He's a longtime professor at the University of Chicago. He's been called the father of "behavioral economics," which, according to the Harvard Business Review, "combines insights from psychology, judgment, and decision making and economics to generate a more accurate understanding of human behavior." And he just won the Nobel Memorial Prize in Economic Sciences.
Yet, despite Richard Thaler's impressive credentials, his philosophy is the epitome of simplicity: "My mantra is if you want to get people to do something, make it easy. Remove the obstacles."
Thaler has demonstrated the soundness of this three-word maxim--make it easy--in such ways as encouraging people to save for retirement or become an organ donor.

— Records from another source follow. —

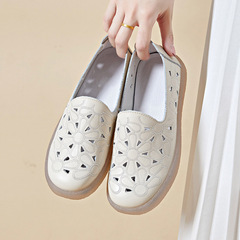 Spring and summer sunflower hollow breathable hole shoes hand-punched sandals summer first layer cowhide pure leather nurse shoes for women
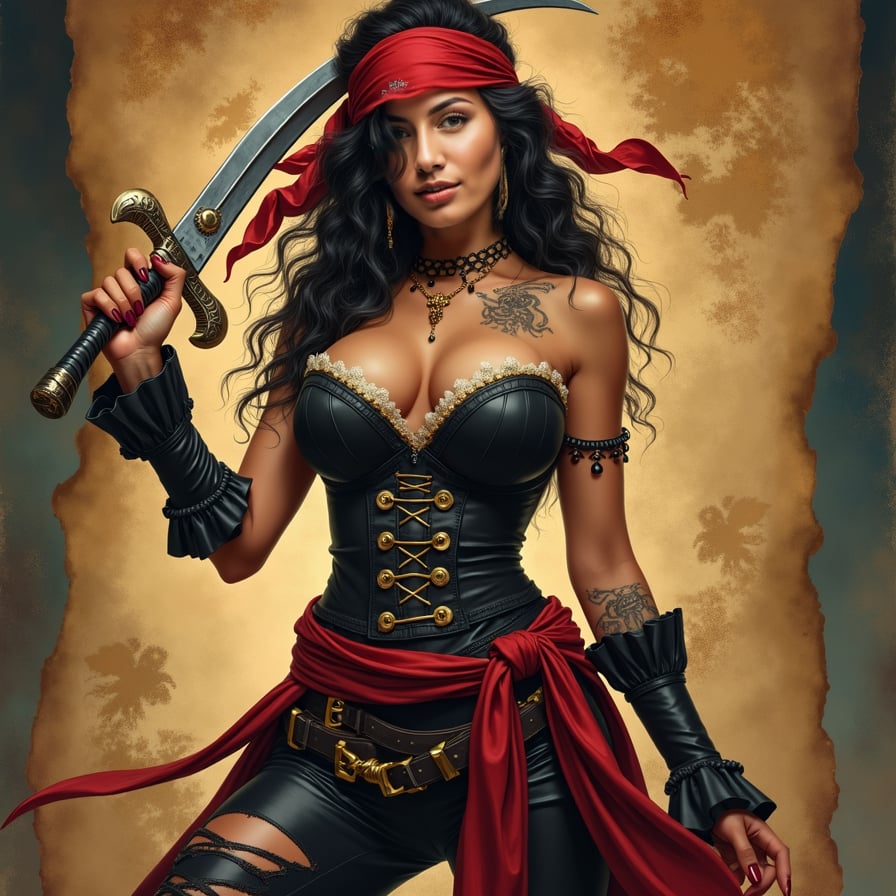 woman in bold, provocative pirate costume, fitted corset, flowing pirate pants, bandana, posing seductively with fake sword, treasure map in background, dramatic lighting, warm color tone, posing for poster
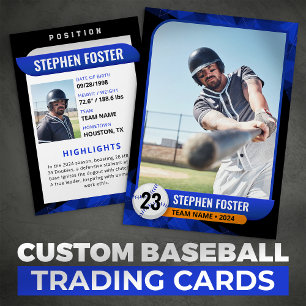 Cartão De Contato Carta de Troca de Beisebol Black & Blue Jogador de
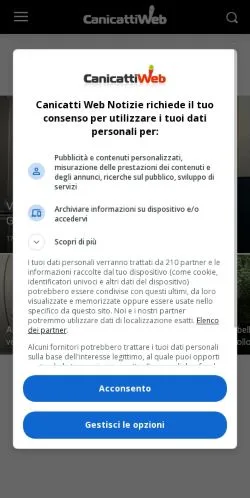 스폰서 기사용 이탈리아 매체 Canicatti Web Notizie 사이트 미리보기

And Thaler is most widely known for his 2008 book, Nudge: Improving Decisions about Health, Wealth, and Happiness, co-authored with Harvard Law School professor Cass Sunstein, which applies the ideas of behavioral economics to public policy.
And while Thaler hasn't specifically studied the field of communication, his principle works just as well if your mission is to reach and engage your audience. For example, here's what Thaler said in a 2011 interview with the consulting firm McKinsey: "When I say make it easy, what I mean is, if you want to get somebody to do something, make it easy. If you want to get people to eat healthier foods, then put healthier foods in the cafeteria, and make them easier to find, and make them taste better. So in every meeting I say, 'Make it easy.' It's kind of obvious, but it's also easy to miss."
How does this relate to improving communication? Here are seven key ways to apply Thaler's approach:
- Develop a single high concept to summarize your message. "High concept" is borrowed from the Hollywood movie industry; the idea is that to pitch (to a producer or the money guys), you have to convey an entire two-hour movie in about 12 to 15 words. To make it easy for your audience, distill what you're trying to convey in a short phrase or sentence.
- Lead with your point. And now that you've figured out the most important message to communicate, make that your headline or subject line. The headline is the first thing audience members notice. It grabs their attention. It promises the solution to a problem.
- Emphasize the benefit. Answers your audience's key questions: "How does this affect me?" "What's in it for me?"
- Be briefer than you ever thought possible. Don't worry about word count; just cut and cut until only the nugget is left.
- Use visuals to instantly convey your meaning. We're living in a visually mediated society, and most people would much rather watch a video or scan a photo or spend time on an infographic than read. So visuals provide a real convenience.
- Reduce friction. In communication, friction occurs when an audience member is intrigued by a topic, but then encounters resistance on his or her quest to engage with content. So think about how to make the experience easier.
- Provide a clear way to learn more. Most people will want just a bite of information, but some will crave a snack (and a few will actually be hungry enough for a meal). So provide the amuse-bouche along with an easy way to get more substance.
By making your communication more convenient, you'll make it easy for your audience members. The result? They'll get the message faster and will be more likely to take action.